Im täglichen Leben der Menschen untereinander ist die Vergebung die Mutter des Vergessens. Es mag wohl Zufall sein, dass hier der weibliche und der sachliche Artikel zum Vergleich passen. Die Vergebung, das Vergessen. Die Vergebung ist die Mutter des Vergessens. Erst wenn Sie vergeben können, dürfen Sie vergessen und Ihr Leben unbeschwert weiter führen.
Und ist es nicht so, dass wir im Arbeitsleben vom Alltag umschlungen sind wie von einer Python, deren Kopf sich dem umwundenen Opfer nähert und es hypnotisiert?
Erst im Alter, wenn die Gedanken weniger gehetzt klingen, kommt mit der Ruhe die Vergangenheit vorbei und setzt sich uns gegenüber an den Tisch. Sie isst das Gleiche wie wir, sie begleitet uns überall hin und lässt sich kaum abschütteln.
Bis wir erkennen: Die Vergangenheit ist ein Teil von uns. Sie beginnt uns ein Ereignis nach dem anderen zu servieren. Jeden Streit ohne Versöhnung, jede Ungerechtigkeit, jede Schuld. In manchen Fällen ist es dann zu spät, um um Vergebung und Verzeihung zu bitten. In anderen ist die Hürde, Stolz genannt zu hoch, um sie jetzt noch zu nehmen. Allerhand Ausreden fallen uns ein. Vielleicht ist der Betroffene längst weggezogen oder verstorben. Umso schlimmer. Für uns.
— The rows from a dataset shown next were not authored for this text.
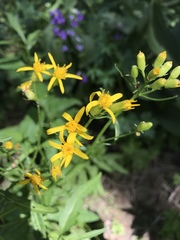 Senecio triangularis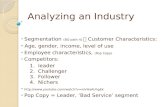 Analyzing an Industry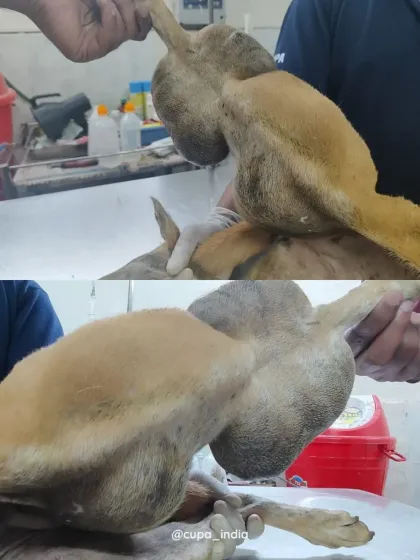 Cupa - Emergency Animal Rescue & Treatment Dog Rescue & Recovery Stories photo 13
Sie kennen doch sicher diese grossen Vulkane, die zuerst unterirdisch schlummern, bis sich genügend Druck angesammelt hat und sie Asche oder Gestein oft kilometerweit in die Atmosphäre speien. Lassen Sie es bei sich nicht so weit kommen. Dinge, die unerledigt sind, lagern in ihrem Unterbewusstsein und blockieren Ihre Lebenslust. Ihr Bewusstsein serviert Ihnen dann die betreffenden Ereignisse immer wieder – bis Sie Ihre Hausaufgaben gemacht haben.
1.Regel: Machen Sie den ersten Schritt und legen Sie Streit bei.
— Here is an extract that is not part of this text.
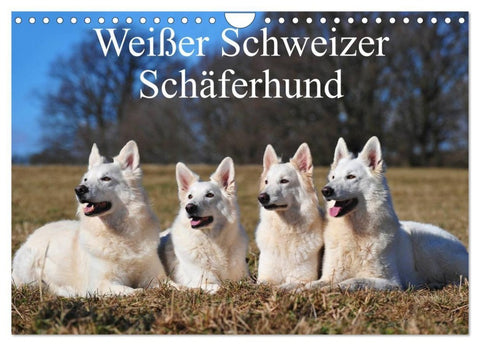 Weißer Schweizer Schäferhund (Wandkalender 2027 DIN A4 quer), CALVENDO Monatskalender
Es ist zu Ihrem Vorteil, wenn Sie vergeben. Es kommt zu einer Aussprache, Missverständnisse werden ausgeräumt. Vielleicht hegen Sie einen Groll gegen jemanden, der unberechtigt ist. „To know all ist to forgive all“ – „Alles zu wissen, bedeutet alles zu vergeben“ hat einmal ein weiser Mann gesagt. So oder so. Führen Sie eine Entscheidung herbei.
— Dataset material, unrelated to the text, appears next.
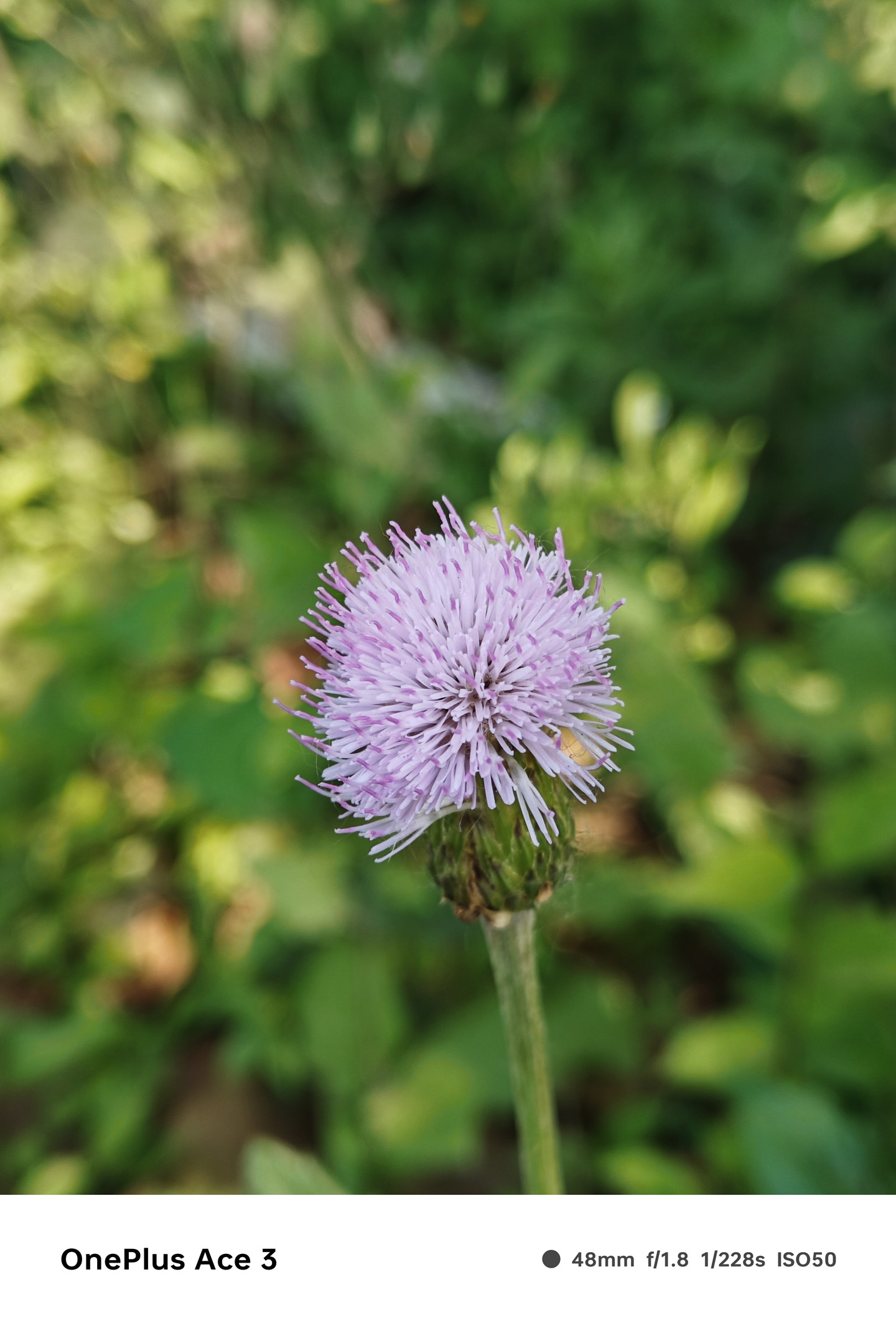 一加Ace3体验：手感与性能到位，这个功能有点越级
Was hat denn nun das eingangs erwähnte Vergessen mit Vergebung zu tun? Wenn Sie jede Ungerechtigkeit im Gedächtnis behalten, wird es schwer für Sie zu vergeben. Sie fühlen sich im Recht. Das ist der grösste Hinderungsgrund für die Beilegung von Streit.
Das Recht haben wollen, möglichst mit Urkunde und Urteil vom Gericht. Und so wird mit Anwälten und Gutachtern gestritten, bis entweder das Geld ausgeht, die Gegenseite gewinnt oder die letzte Instanz erreicht ist.
Das Verständnis
Die Vergebung ist die Mutter des Vergessens. Unser Kopf ist wieder frei für Neues. Untrennbar zu dieser Familie gehört das Verständnis. Wie soll ich jemanden verstehen, der gegen mich vorgeht, der mich verletzt, der mir schadet? Versetzen Sie sich in Ihr Gegenüber. Wie kommt wohl Ihr Verhalten bei dem anderen an? Egal, ob es sich um Beziehungsstreit, Nachbarschaftskonflikte oder Spannungen zwischen Staaten handelt. Versuchen Sie das Verhalten Ihres Gegenübers zu verstehen und Sie werden Lösungen finden, um Konflikte aufzuweichen.
2.Regel: Versetzen Sie sich in Ihre Mitmenschen und versuchen Sie zu verstehen.